Why am I saying this?
Because the terrible events in Paris raise the spectre of cause and effect thinking. I don't believe that either saying 'ISIS caused the events' or 'the wars caused ISIS' are sufficient explanations of the processes that led to those men massacring those people. We should even be wary of saying that e.g. because a particular interpretation of Islam is a necessary condition for the ISIS mentality that this is a sufficient one. Same goes e.g. that because the wars are a necessary condition for the growth of ISIS that they are sufficient.
In other words, clearly we have lived in a time of 'reflexive influence'. Aha, say some, but this reflexiveness is not symmetrical.
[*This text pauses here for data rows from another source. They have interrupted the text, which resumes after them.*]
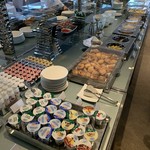 HOTEL SPLENDIDE ROYAL - 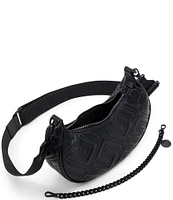 ALDO Katalyna Shoulder Bag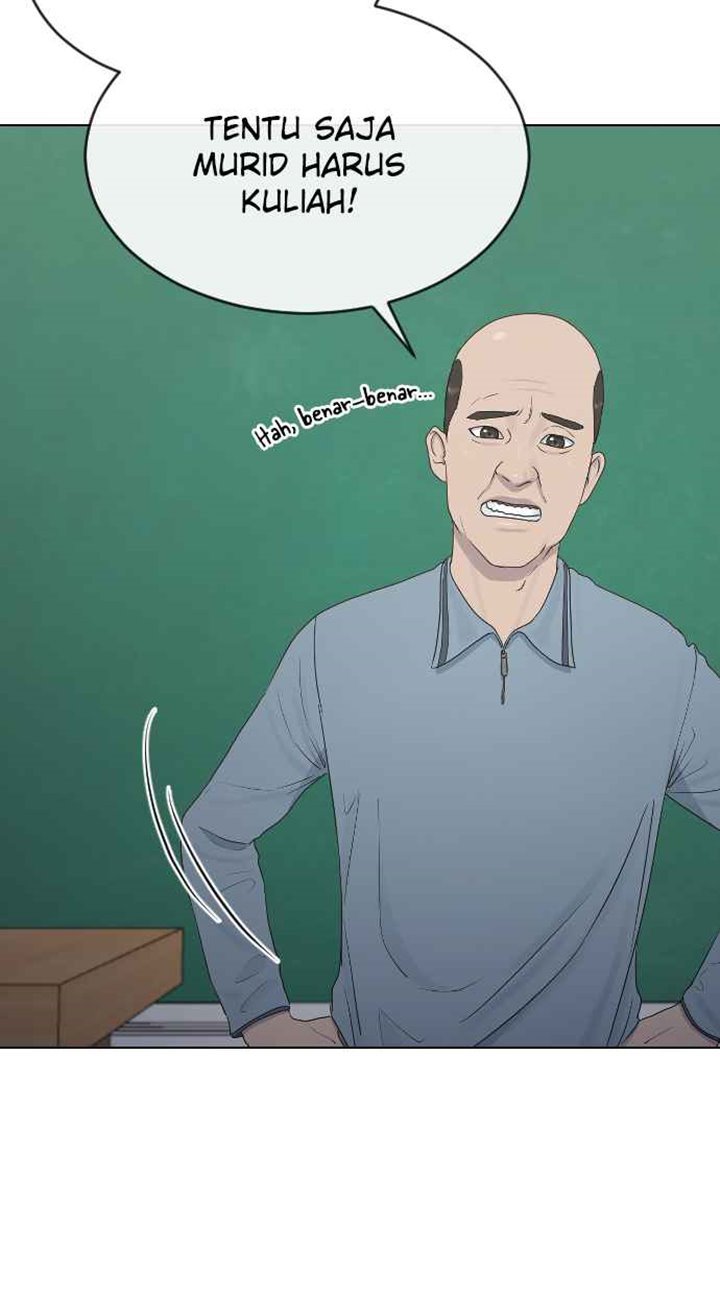 image-komik-hypnosis-school-chapter-18-46/87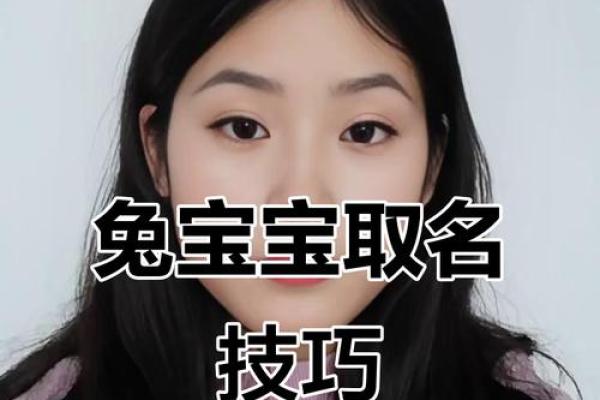 早上6点出生的属兔男孩如何取名姓名 早上6点出生的属兔男孩如何取名姓名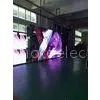 IP43 P4.81 Big Indoor Full Color LED Display / Stage Background LED Display thumbnail-1
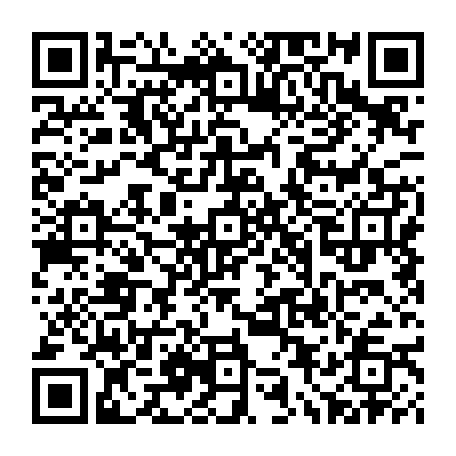 79300749819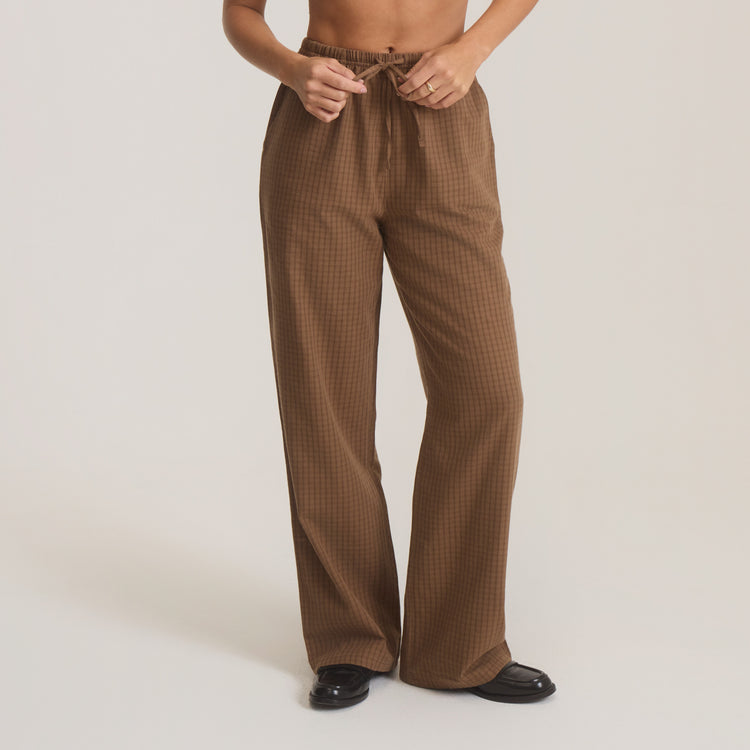Costa Pants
That's to say, one side of the question has more power than the other: so, some have implied that 'Islam' is the most powerful side of the process. Not so, say others, it's the wars and the might of the West. I agree, we have to get our relative powers sorted out in this too.
Perhaps, the most telling comment of all was Hollande saying that it was an 'act of war'. Somewhere in the reasons for him saying this, was an awareness that this deed was part of a long war in which many parties over the long history of relations between 'the West' and the 'Middle East' have justified their actions for many different reasons. But at the heart of it is the use of weapons to kill other human beings. In a terrible way, Hollande clarified that. Surely he entitled us to review this matter as a piece of terrible military history, in which for the most part the greater power was, has been and still is in the hands of the West.
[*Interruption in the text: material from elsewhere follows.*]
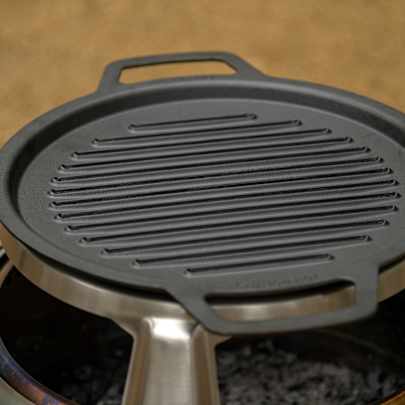 COOK TOPS Lifestyle 2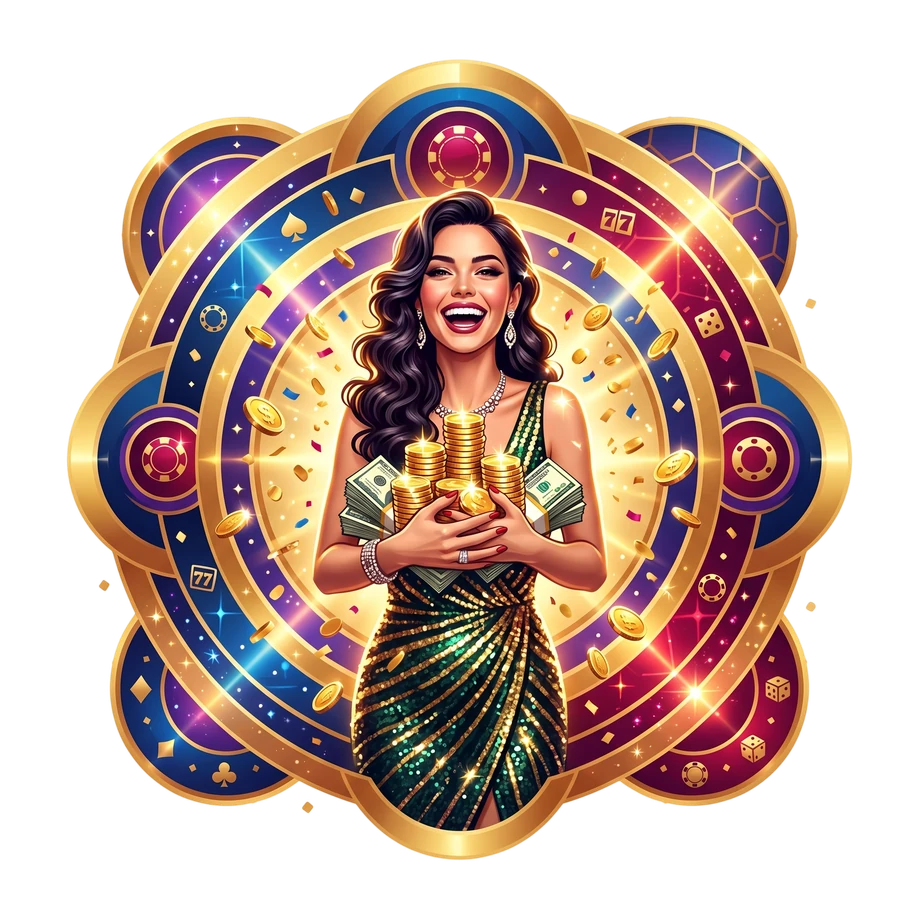 Hexabet — VIP program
War is a classic case of reflexive influence, ('arms race'), and surely now, after Hollande's words, no Western leader can pretend that if ISIS kill again it isn't part of this war being waged by both sides. In military terms, it really doesn't matter very much what ISIS say to justify what they're doing, or what the West say to justify what they're doing. We can notice it, but we shouldn't be too seduced by it.
Once we have that in our heads, we can ask 1)is either side's war justifiable? 2) millions of people have been killed in this long war, so it's urgent that we find a way to stop it going on...so does it look as if either side killing more people will stop more killing? (and yes, we have noticed that the great majority of people killed in this war are civilians).